In his concluding remarks, Professor Leong asserted that the primary differentiator in the future job market will be human-centric skills. While AI can efficiently handle technical tasks like coding or data entry, it cannot replicate complex human navigation. The ability to empathise, negotiate, and lead remains a uniquely human advantage that education must fiercely protect. He argued that the role of the teacher is evolving from a primary source of information to a facilitator of human experiences. AI should be viewed as an augmentation of the teacher’s reach, providing the scale needed for individualised practice. Furthermore, Professor Leong also advocated for educators to refocus their curricula on the art of human interaction, in teaching students not just how to use tools, but how to thrive in a world where many types of tools are available. The real challenge of the upcoming decade is not the advancement of hardware, but the refinement of pedagogical strategies.

The synthesis of human wisdom and artificial intelligence is the key to creating a resilient educational future. Professor Leong’s message was one of cautious optimism, provided that we remain intentional about the values we embed in our technology.



2.2. Leveraging AI as Learning Companion

Written by Apipol Sae-Tung, IAFOR, Japan
Back to Top

Delegates at the SEACE/SEACAH2026 conference also had a chance to discuss and share their thoughts on the rapid integration of AI in higher education in the Forum session titled ‘AI-Enabled Futures: Collaboration, Learning, and Strategic Decision-Making in Higher Education’. The onsite forum was led by Dr Daniel Hoffman of the University of Hawaiʻi at Mānoa, United States, as the respondent, moderated by IAFOR’s Academic Coordinator Apipol Sae-Tung. The online forum was moderated by Dr Melina Neophytou, IAFOR’s Academic Operations Manager, with Dr Eric Hawkinson of Kyoto University of Foreign Studies, Japan, serving as the respondent. The delegates agreed that AI is unavoidable and has disrupted traditional paradigms of learning, teaching, and administrative collaboration.
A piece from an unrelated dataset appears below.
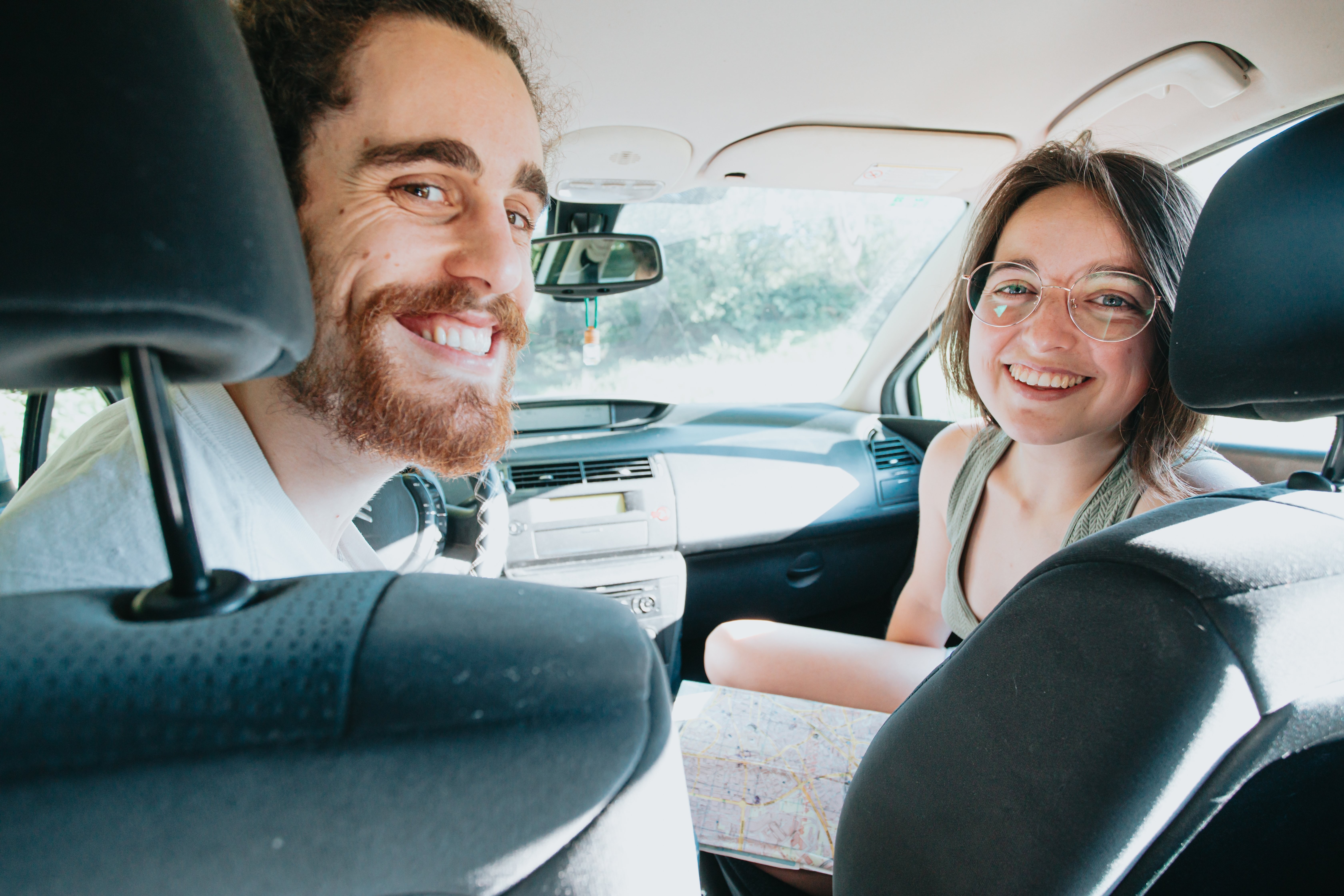 Duas pessoas em um carro, olhando para trás e sorrindo, foto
However, rather than strictly prohibiting AI, the delegates recognised the urgent need to pivot educational strategies toward cultivating AI literacy, emphasising the learning process over final products, and navigating the complex ethical dilemmas of a technology that evolves faster than institutional policy.

The Forum initiated dialogue by exploring how deeply AI has embedded itself into the everyday lives and decision-making processes of educators and students. Delegates shared a wide spectrum of AI use, from managing personal self-care and travel itineraries to handling routine administrative data entry. In the educational context, educators frequently leverage AI for instructional design, generating lesson plans, drafting rubrics, and summarising meetings. However, this widespread usage is accompanied by concerns regarding the ‘enforcement illusion’ in educational settings. Delegates noted that despite setting parameters, educators cannot guarantee students will engage in the necessary struggle of learning rather than taking AI-enabled shortcuts. Furthermore, the seamless integration of AI into both professional and personal spheres has created a challenging blurring of lines between productivity tools and entertainment platforms. This ambiguity makes it increasingly difficult to maintain academic boundaries when the same platforms are used for leisure and coursework, and constant vigilance from educators to maintain balance is critical.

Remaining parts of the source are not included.